Saviez-vous que… ce n’est pas Les Plouffe, ce roman canadien-français mythique, qui a fait connaître Roger Lemelin[i], mais plutôt Au pied de la pente douce, qu’il avait publié quatre années auparavant ? Il s’agissait d’un des premiers romans de mœurs québécois dont l’action avait lieu en milieu urbain. Il traçait le portrait du faubourg populaire défavorisé de Saint-Sauveur, situé en bas de la côte Franklin, à Québec, au début de la Grande Noirceur, vers la fin de la Deuxième Guerre mondiale. Il dénonçait les abus et les exploitations de toutes sortes à travers la vie quotidienne de trois adolescents et avait remporté le prix Athanase David.

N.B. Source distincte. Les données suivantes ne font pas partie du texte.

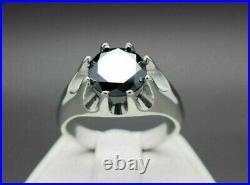 Men's 2CT Simulated Diamond Wedding Engagement Buttercup Ring925 Silver Silver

Une chronique de Pierre Drolet
C’est néanmoins Les Plouffe qui s’incrustera dans les mémoires, pour se coller à son auteur au point d’occulter ses autres romans, notamment Le crime d’Ovide Plouffe[ii], inspiré par un meurtre odieux commis à Québec à cette époque. Les Plouffe, publié en 1948, traite des hauts et des bas d’une famille ouvrière canadienne-française de la basse-ville formée de quatre jeunes adultes (Napoléon, Guillaume, Ovide et Cécile) et de leurs parents (Théophile et Joséphine). Le livre paraît en France, chez Flammarion, puis est traduit en anglais et distribué aux États-Unis. De 1952 à 1955, on en fera une série radiophonique sous le titre de La famille Plouffe. Enfin, Lemelin écrit le scénario du tout premier feuilleton de la télévision canadienne sous le même nom. Il passera en ondes entre le 4 novembre 1953 et le 17 juin 1959, diffusé les deux premières années pendant quinze minutes, pour passer par la suite à 30 minutes. La version anglaise sera traduite par Lemelin lui-même et diffusée sur les ondes de CBC Television. Enfin, Gilles Carle et Denis Héroux scénariseront le film Les Plouffe, qui sera projeté sur les écrans le 7 avril 1981 en français et en anglais le 24 avril.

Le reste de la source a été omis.